Within the entries below, please return exactly the lines from the one with "1 left! Faux" through the one with "Munchkin Silicone Spoon", leaving out any pictures.
*** Data for this exercise ***
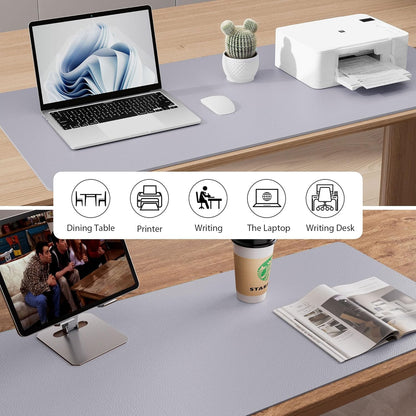 Aothia Large PU Leather Desk Pad Protector – Non-Slip Mouse Pad & Writing Mat for Office/Home, Waterproof, Easy to Clean (Smoky Lavender, 48" x 17")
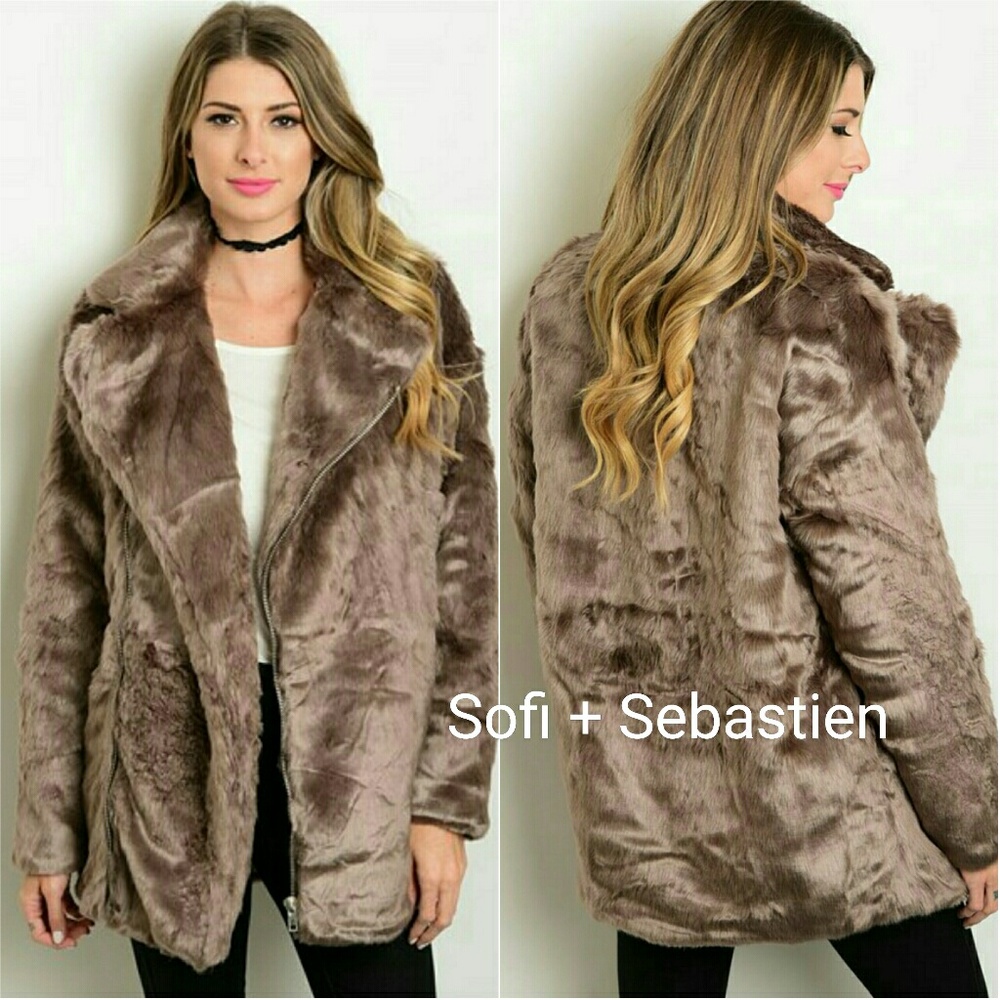 1 left! Faux Fur coat moto zipper Mocha Brown - Picture 2 of 5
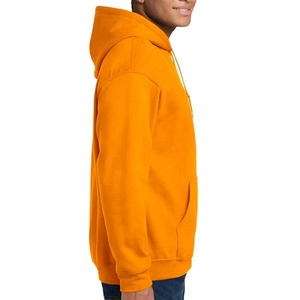 <b>Men's</b> <b>Orange</b> Hooded Fleece <b>Sweatshirt</b> Regular Fit Solid Color Casual Pullover With Pocket Knitted Cotton Material Autumn Wear - Product Image 1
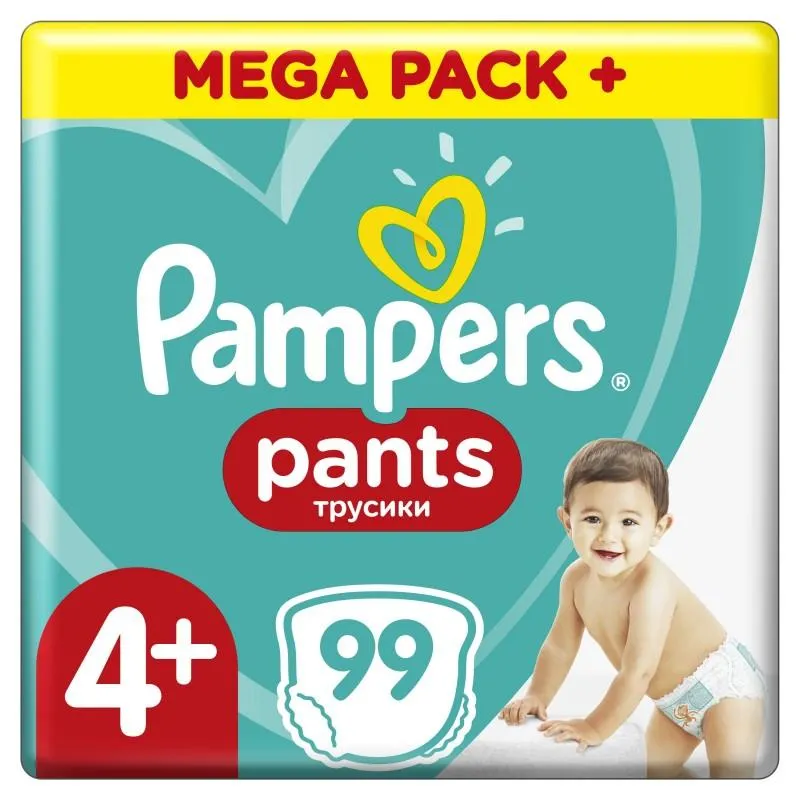 PIELUCHOMAJTKI PAMPERS PANTS ROZMIAR 4+ 99 SZT 9-15KG - Procter & Gamble
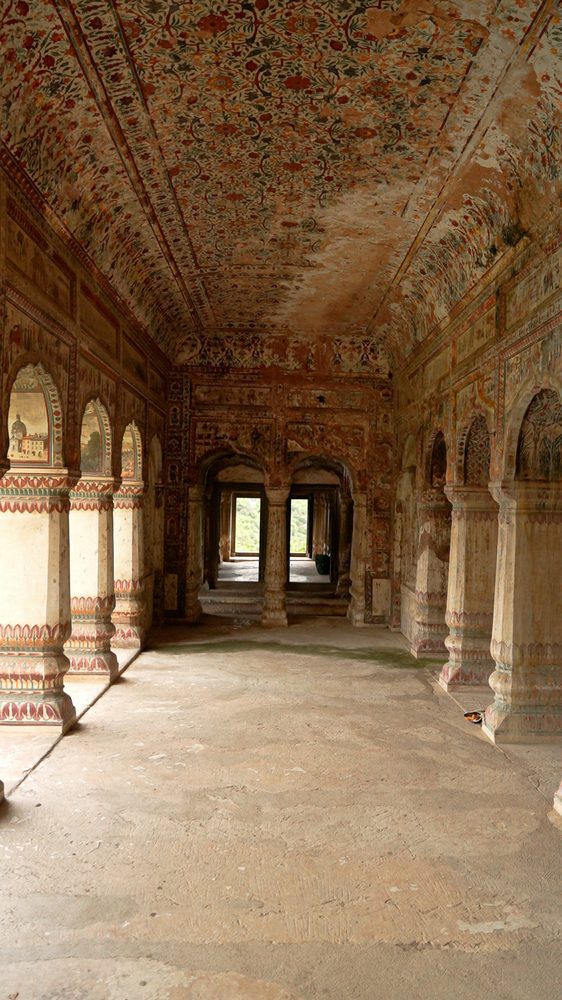 A hand-painted corridor of the palace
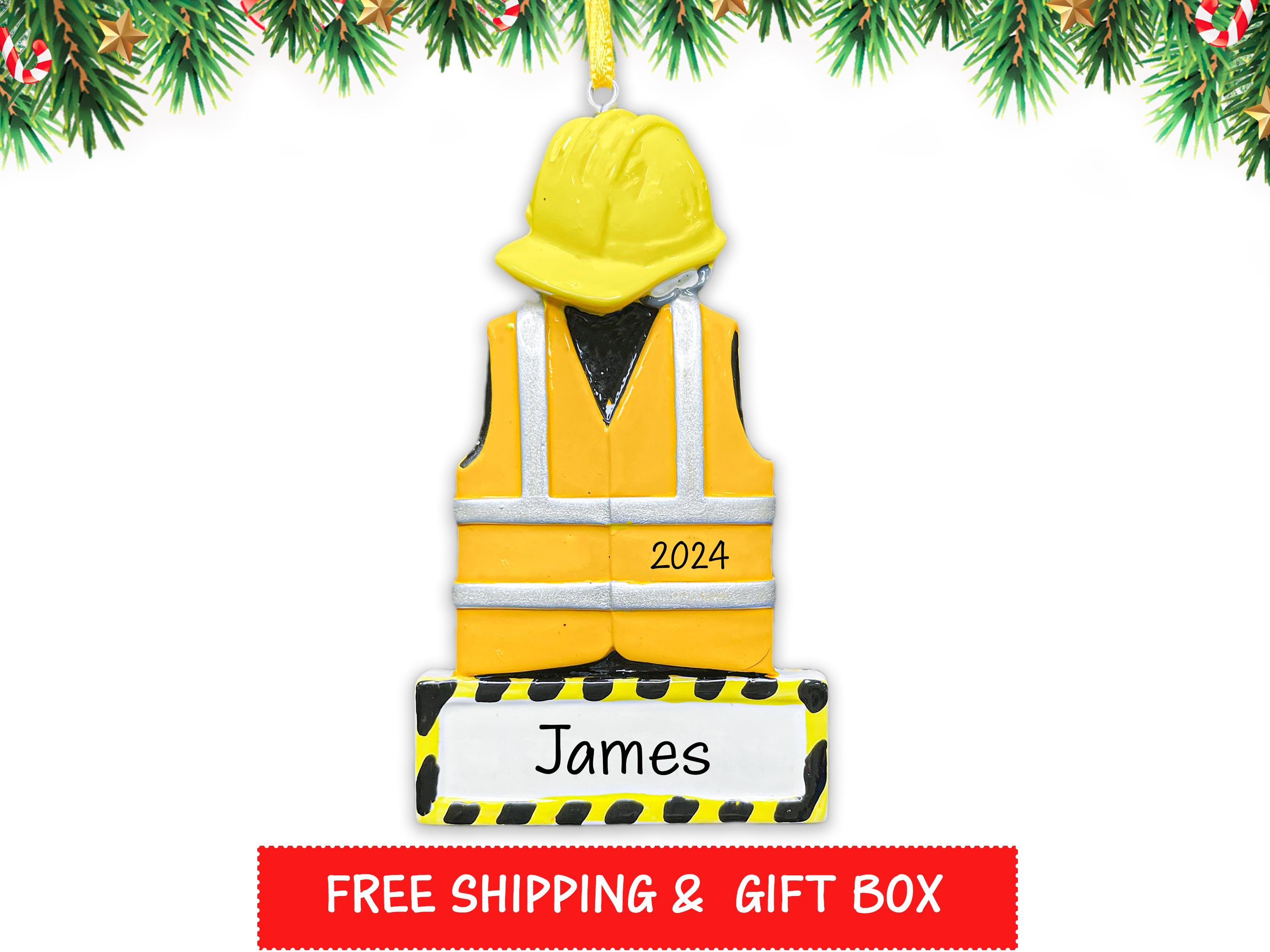Construction Personalized Christmas Ornament 2025 | Custom Safety Vest & Hard Hat Xmas Ornament| Construction Worker Mechanic Engineer Gift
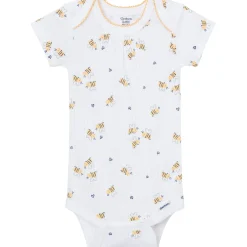 4-Pack Baby Girls Bee Flower Garden Short Sleeve Bodysuits
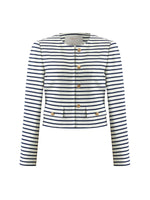 Cotton Striped Single-Breasted Women Crop Jacket GOELIA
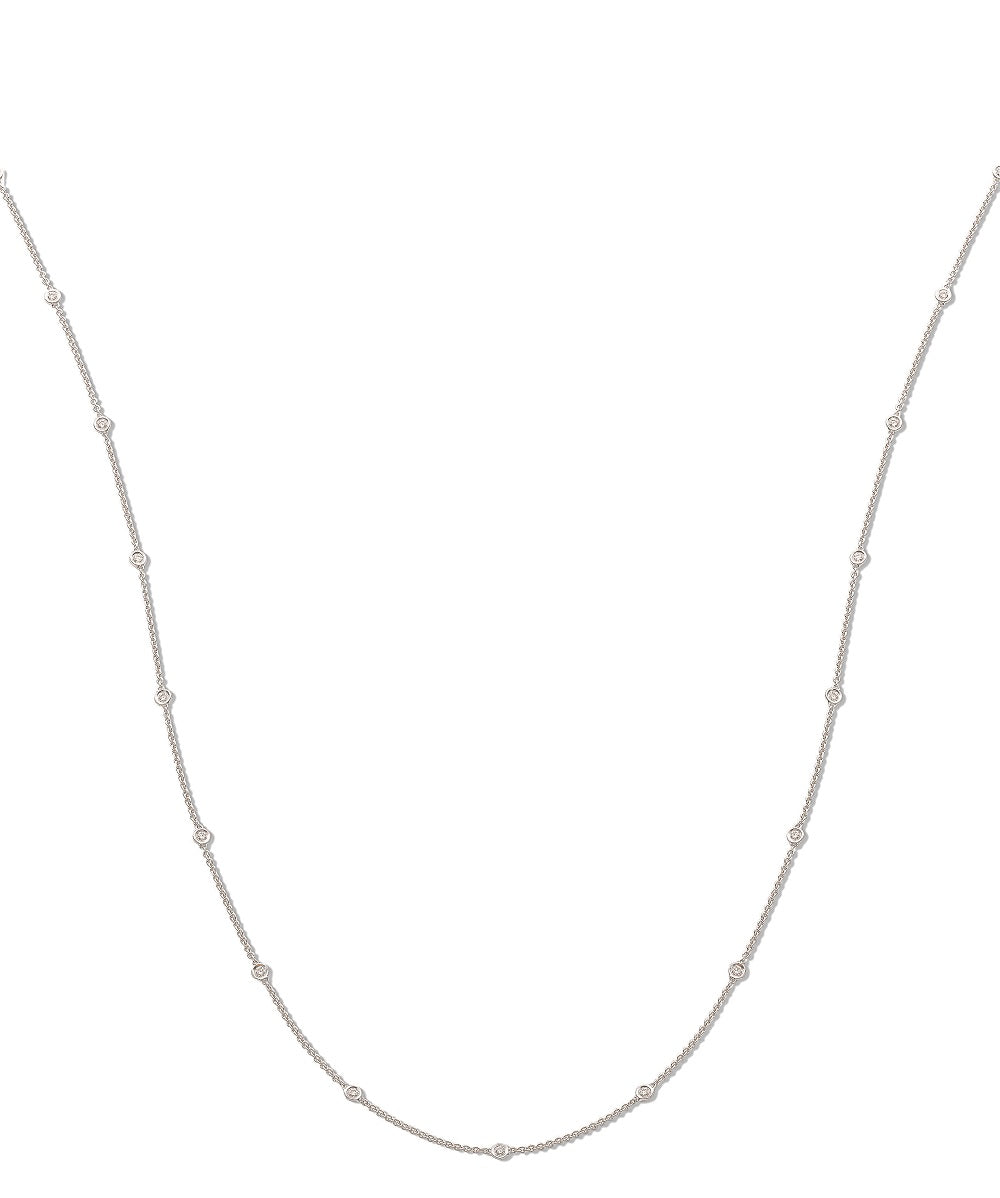 18ct White Gold 1.00ct Rubover Diamond Chain (36in/91cm) TGC-DCN0058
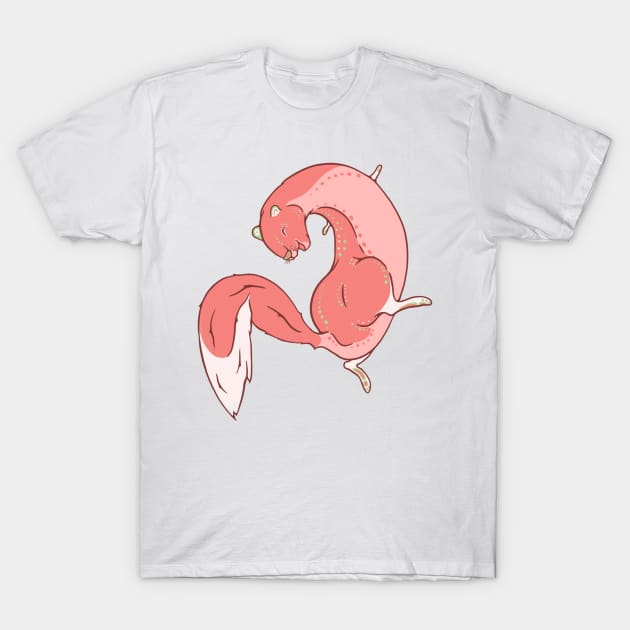 Whimsical Strawberry Weasel Illustration T-Shirt by New World Aster 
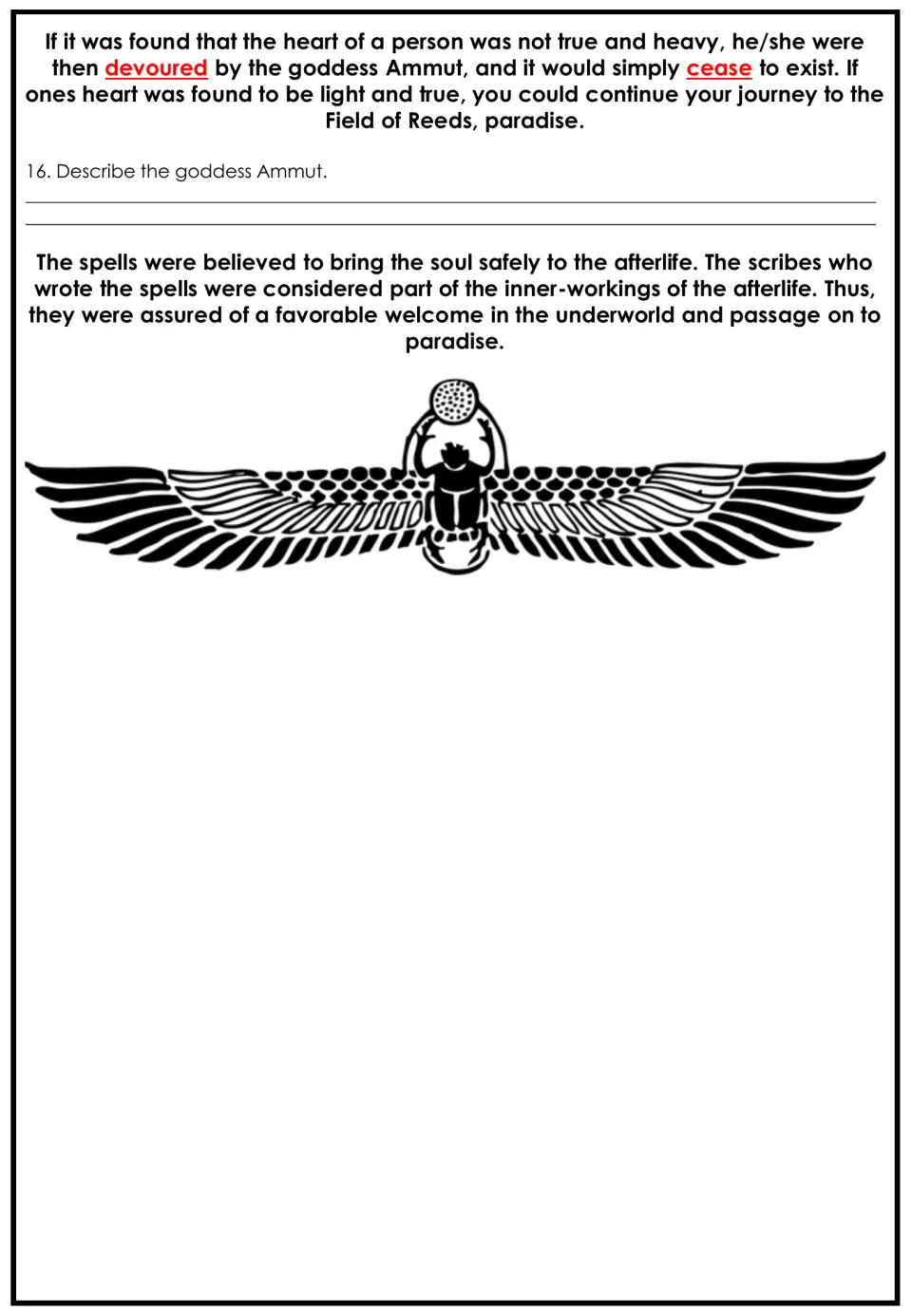 Weighing of the heart: students read about Ammut devouring false hearts and the Field of Reeds, then describe the goddess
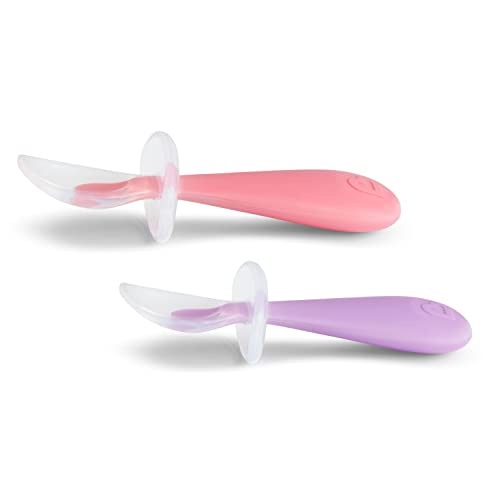 Munchkin Silicone Spoon Trainer Set with Choke Guard 4 Count Pink Purple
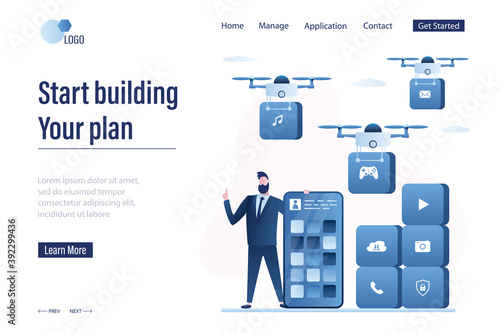 Start creation of individual tariff plan for smartphone, landing page template. Drones bring bricks with icons.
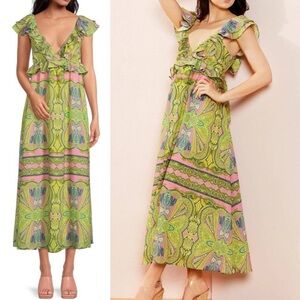 A loves A beautiful maxi length deep v, back tie cutout bohemian dress size med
*** End of Data for this exercise ***
Exercise output:
 1 left! Faux Fur coat moto zipper Mocha Brown - Picture 2 of 5
 <b>Men's</b> <b>Orange</b> Hooded Fleece <b>Sweatshirt</b> Regular Fit Solid Color Casual Pullover With Pocket Knitted Cotton Material Autumn Wear - Product Image 1
 PIELUCHOMAJTKI PAMPERS PANTS ROZMIAR 4+ 99 SZT 9-15KG - Procter & Gamble
 A hand-painted corridor of the palace
Construction Personalized Christmas Ornament 2025 | Custom Safety Vest & Hard Hat Xmas Ornament| Construction Worker Mechanic Engineer Gift
 4-Pack Baby Girls Bee Flower Garden Short Sleeve Bodysuits
 Cotton Striped Single-Breasted Women Crop Jacket GOELIA
 18ct White Gold 1.00ct Rubover Diamond Chain (36in/91cm) TGC-DCN0058
 Whimsical Strawberry Weasel Illustration T-Shirt by New World Aster 
 Weighing of the heart: students read about Ammut devouring false hearts and the Field of Reeds, then describe the goddess
 Munchkin Silicone Spoon Trainer Set with Choke Guard 4 Count Pink Purple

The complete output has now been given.